Because there is some human intervention required in the Espero Ceremony, an additional actor is introduced called the Operator. This entity, like the other actors in the system, authenticates to the Coordinator via private key. The entire lifecycle of the ceremony is managed by the Coordinator and administered by the Operator, including adding/removing participants, verifying each round, and transitioning between rounds.

The operator commands are located in the control binary — so now let’s walk through initialization and the first round:

Ceremony Initialization

At the very beginning of the ceremony, chunks must be created and uploaded to Azure Block Storage.
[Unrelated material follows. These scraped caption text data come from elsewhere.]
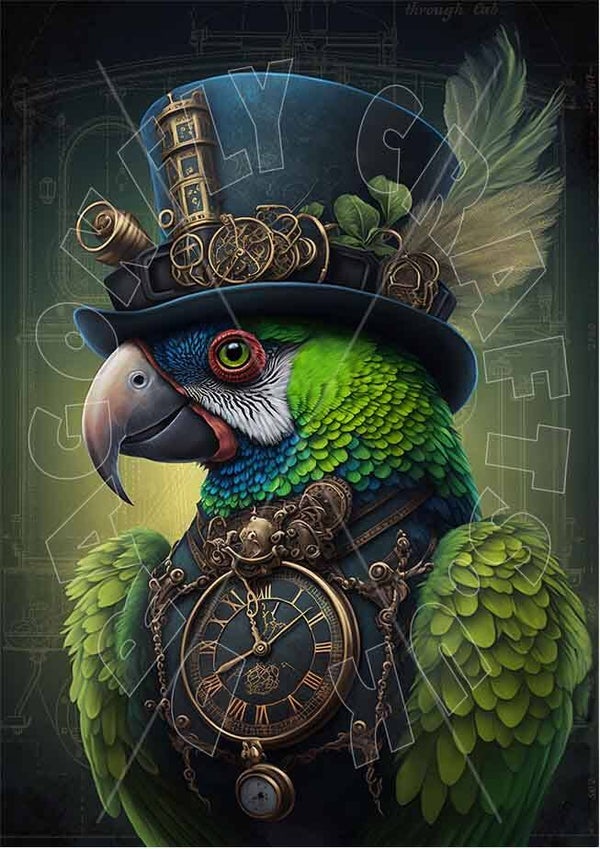 Steampunk Parrot 2 Rice Paper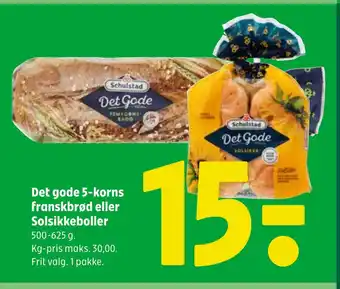 Det gode 5-korns franskbrød eller Solsikkeboller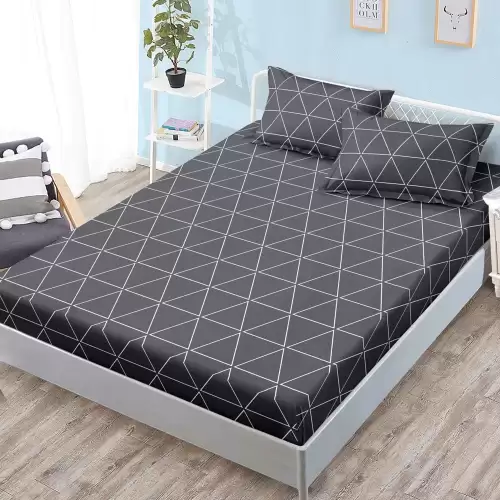 Cearsaf cu Elastic, Bumbac Satinat, 160x200 cm + 2 Fete de Perna 50x70 cm, Gri, triughiuri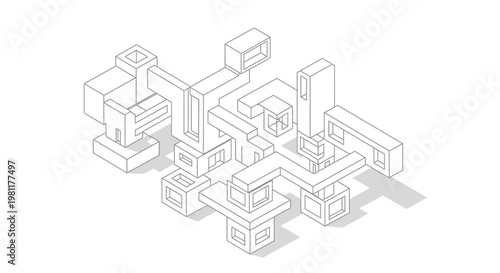 Abstract isometric line art rendering of a complex geometric structure with interconnected blocks and subtle shadows, showcasing intricate design.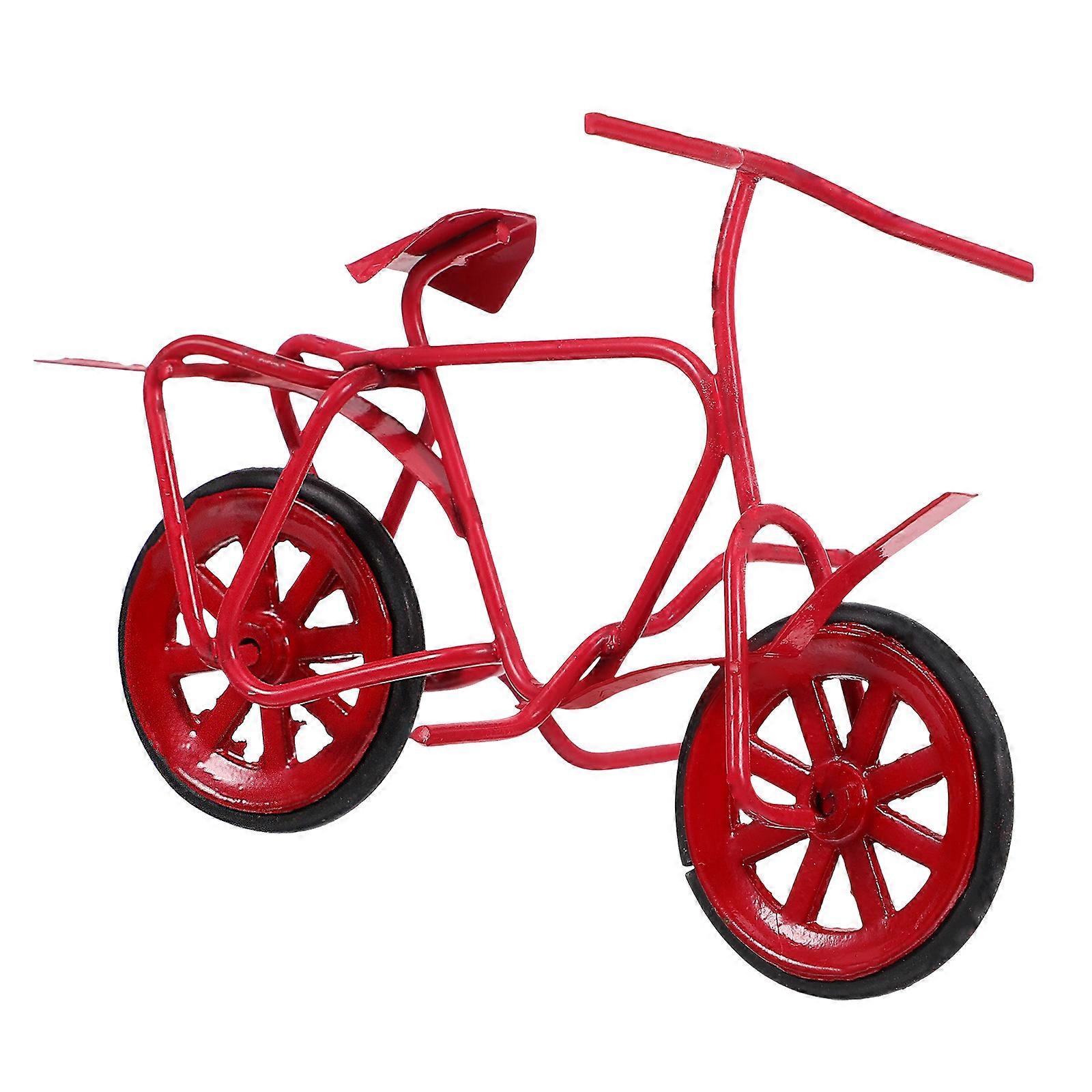 Mini Bicycle Model 3Pcs Gift Option For Office And Home Decor 7.50X5.00X4.00CM Red Retro Miniature Design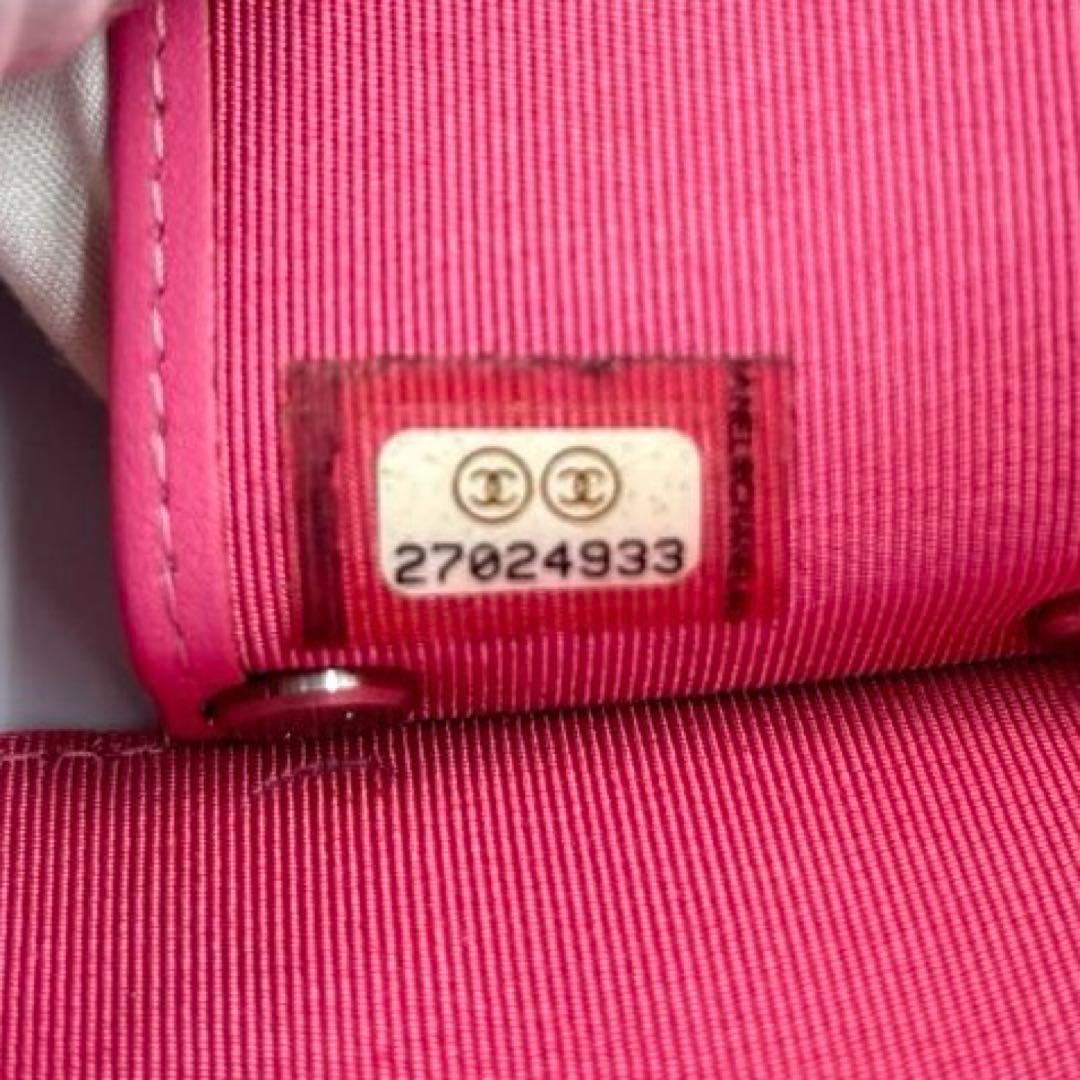 【良品】シャネル キーケース マトラッセ キャビアスキン ピンク CHANEL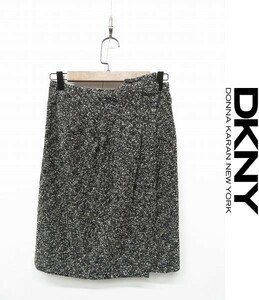 Q157/ DKNY ひざ丈ラップスカート ミニスカート ツイード ストレッチ 4 M~L グレー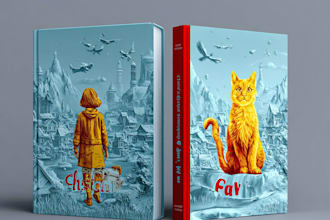 draw fantasy children book cover with magical cartoon art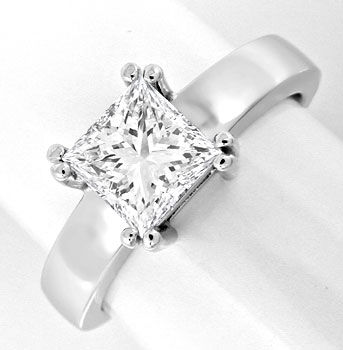 Foto 1 - Traum Princess Diamant-Solitär Ring 1,585ct Schmuck Neu, S6328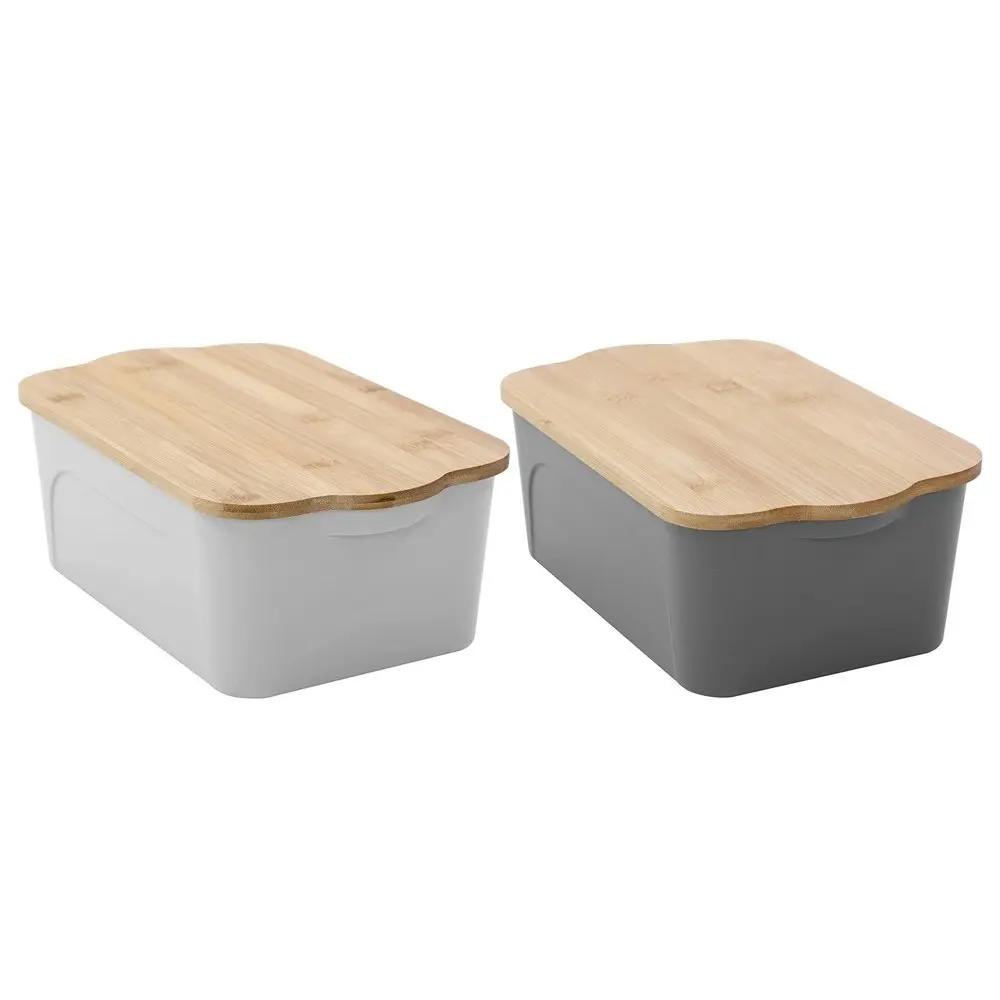 2x Boxsweden 28cm/3.3L Reno Storage Container Box Organiser w/ Bamboo Lid Asst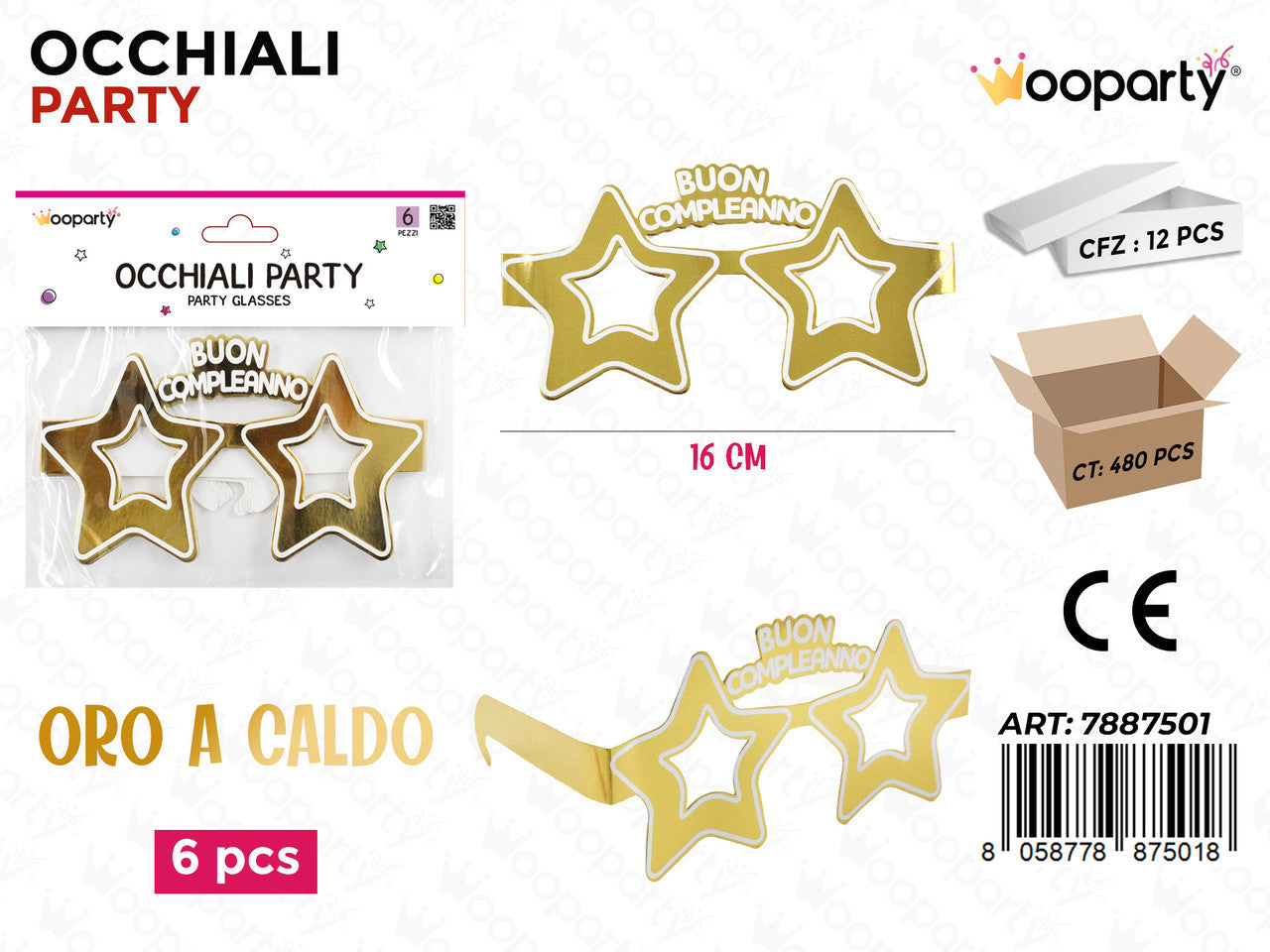 OCCHIALI PARTY B. COMPLEANNO 6PCS 16CM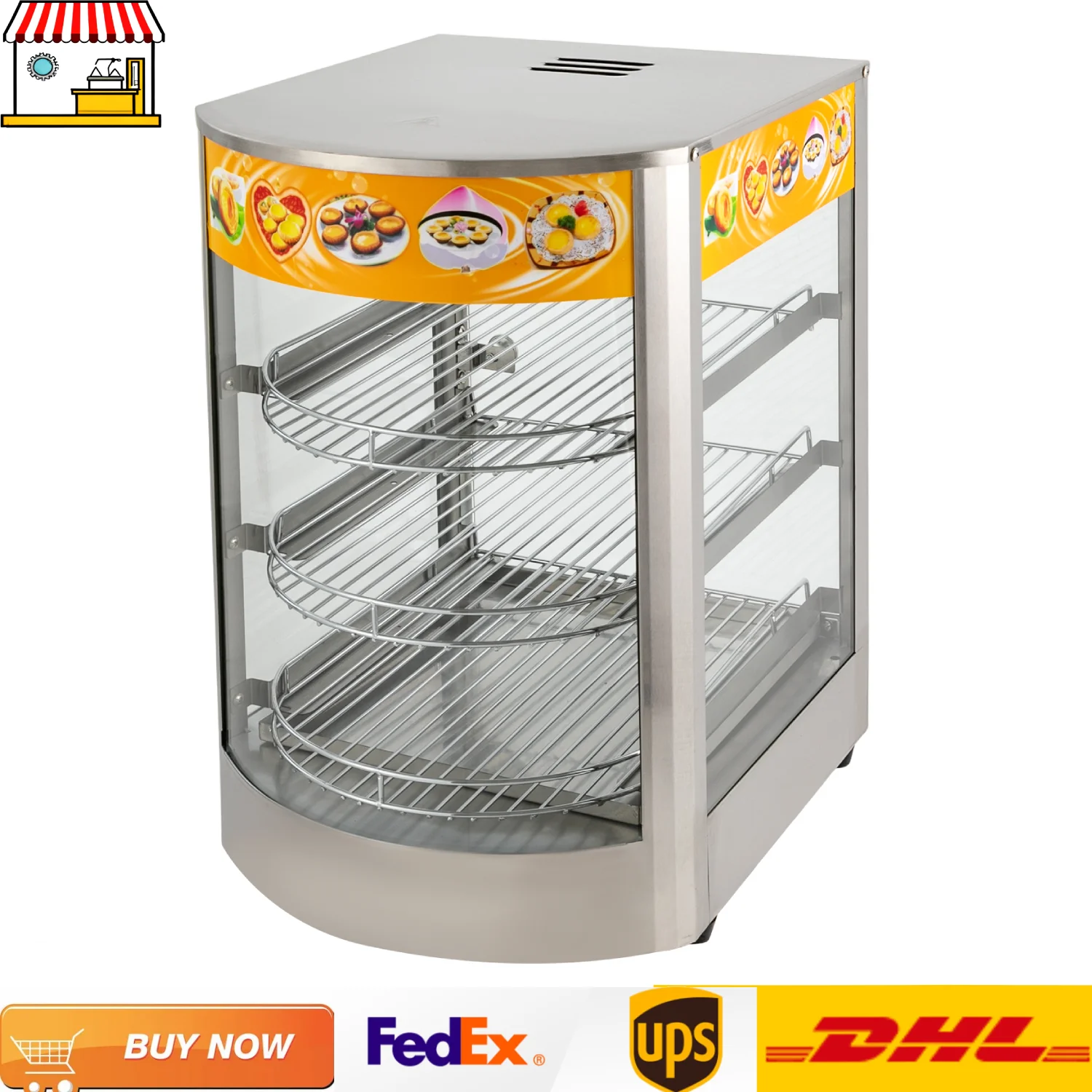 Elektrischer Fast-Food-Wärmer | 3-stufiger 50-Liter-Hamburger- und Trockenfutter-Wärmevitrine aus Edelstahl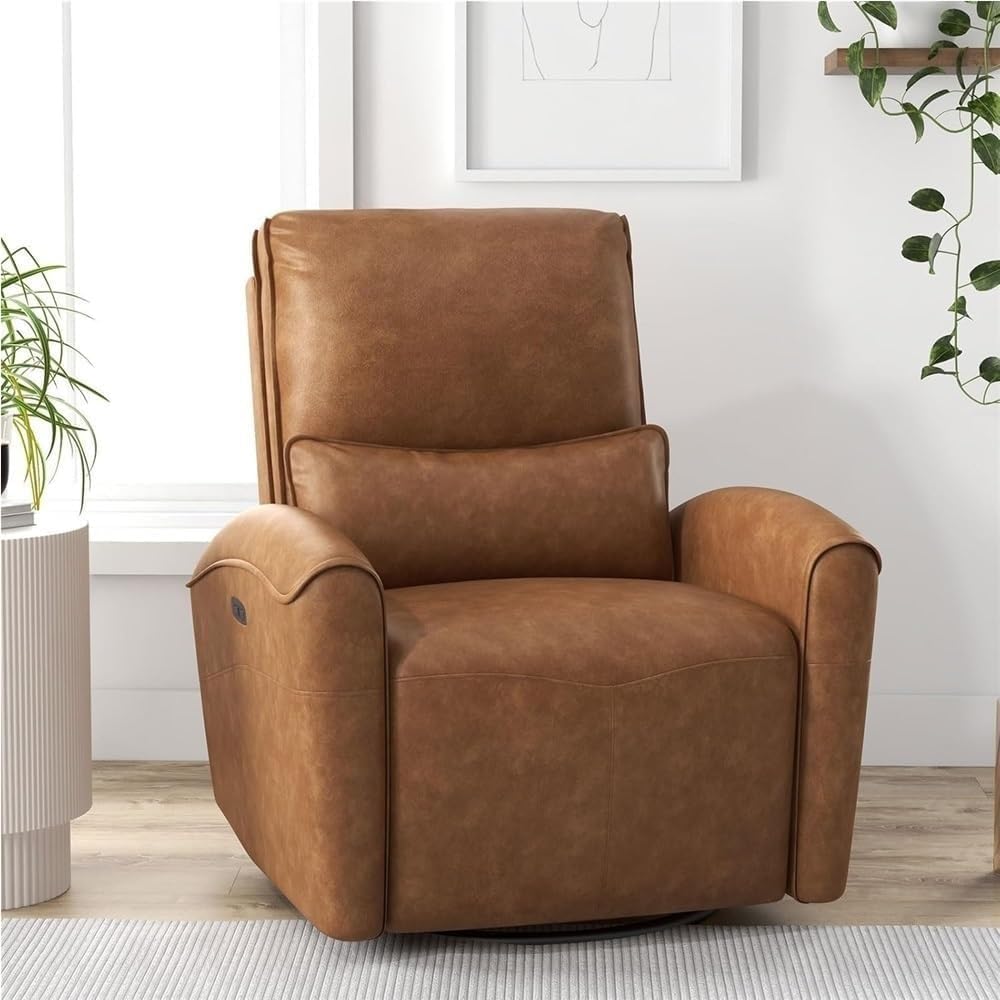 Brown Oversized Electric Swivel Rocker Recliner Chair for Adults with Lumbar Support, Comfortable Upholstered Glider, Power Reclining Lounge Sofa for Living Room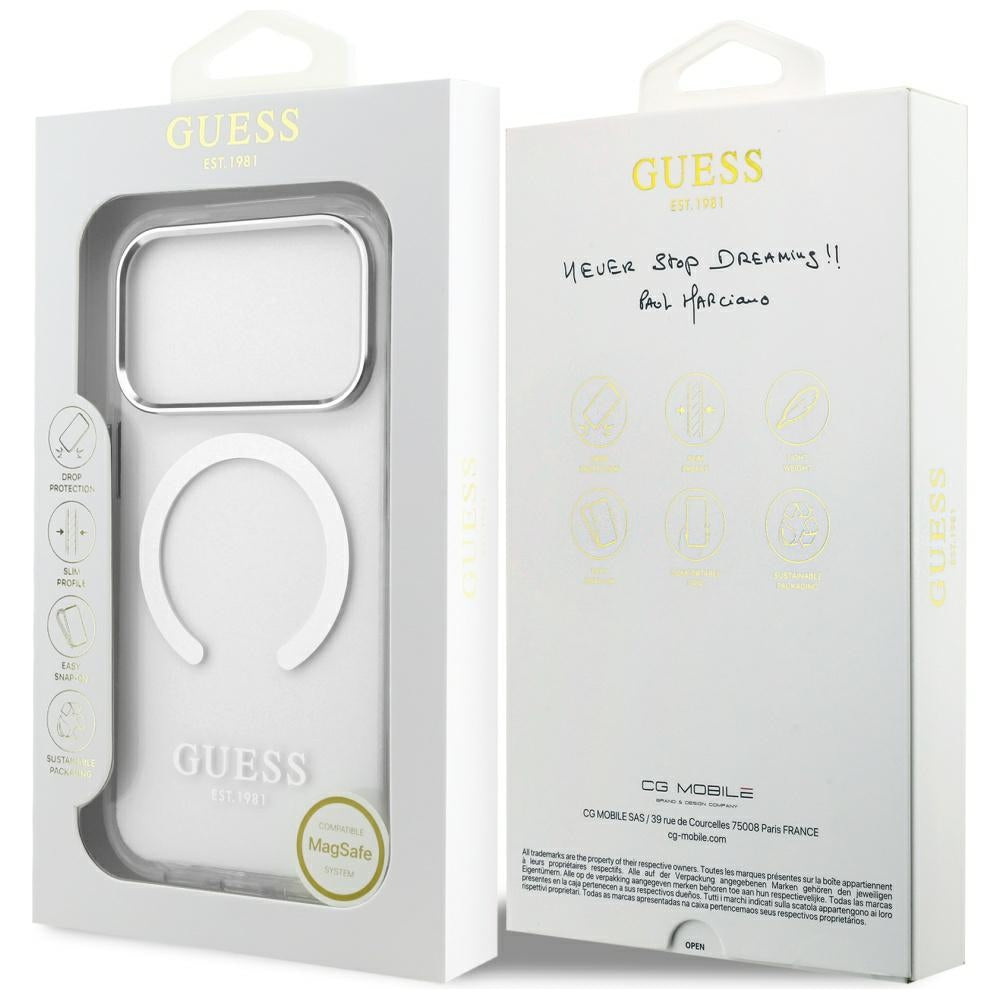Capa MagSafe para Apple iPhone 17 Pro, Guess, Metal Outline, Prateada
These make up the initial challenges that each participant in Round 0 will download, compute against, and re-upload.

Contributor Enrollment

The first thing we need to do after initializing the ceremony is add participants. We can do this by using the add-participant method, passing an address generated via the generate binary as the --participant-id argument.


./target/release/control --coordinator-url https://plumo-example.azurefd.net \
--keys-file ~/plumo-verifier.keys \
add-participant \
--participant-id ADDRESS

Round Maintenance

Besides adding users, the control binary can be used to unstick the coordinator which is capable of getting into states where the ceremony cannot proceed -- especially if all participants do not complete their contribution as planned. Additionally, it's important to note that while the Operator can remove data that has already been contributed, it cannot forge data on behalf of a participant. This is ensured by the verifiable public key cryptography that underpins the Espero Ceremony and Plumo SNARK.

Due to the way the Structured Reference String is broken up, as mentioned previously, each participant must complete their section of the computation on each chunk in order for the ceremony to proceed. There are a plethora of reasons a user could drop out of the ceremony, from slow/inconsistent internet connections to hardware failure.

If Participant A drops out in the middle of the ceremony there are several options:

  1. Have Participant A share their private key with someone who may complete the contribution on their behalf, forfeiting some or all of the security guarantees of that particular contribution.
  2. Remove the participant, invalidating all chunks that Participant A contributed and also invalidating any descendent chunks created by other participants that used Participant A's chunks as the basis for their own contributions.

This puts a strong emphasis on maintaining communication with participants and ensuring that private keys are not destroyed before the round is complete and verified. Removing users halfway through really degrades the user experience, so being proactive when this occurs can go a long way.

Round Verification

Because every contribution is signed and verifiable, the coordinator produces a transcript that consists of every operation that was made. This transcript can then be verified by anyone as a chain of custody of sorts that shows the evolution of the Structured Reference String.

Below is an example of a command that verifies a round:


./target/release/control --coordinator-url https://plumo-example.azurefd.net \
--keys-file ~/plumo-verifier.keys new-round \
-e EXPECTED_PARTICIPANT_1 -e EXPECTED_PARTICIPANT_2 \
--verify-transcript \
--publish

Alerting on Ceremony State

The Ceremony is structured such that participants are capable of shipping errors to the Coordinator, thereby notifying the Ceremony organizers of potential issues. The most common problem that pops up is simple networking issues, like localized DNS inconsistencies or global network partitions. These error logs are shipped to the Coordinator and show up in its logs to be consumed by alerting tools like the Azure Log Analytics Workspace.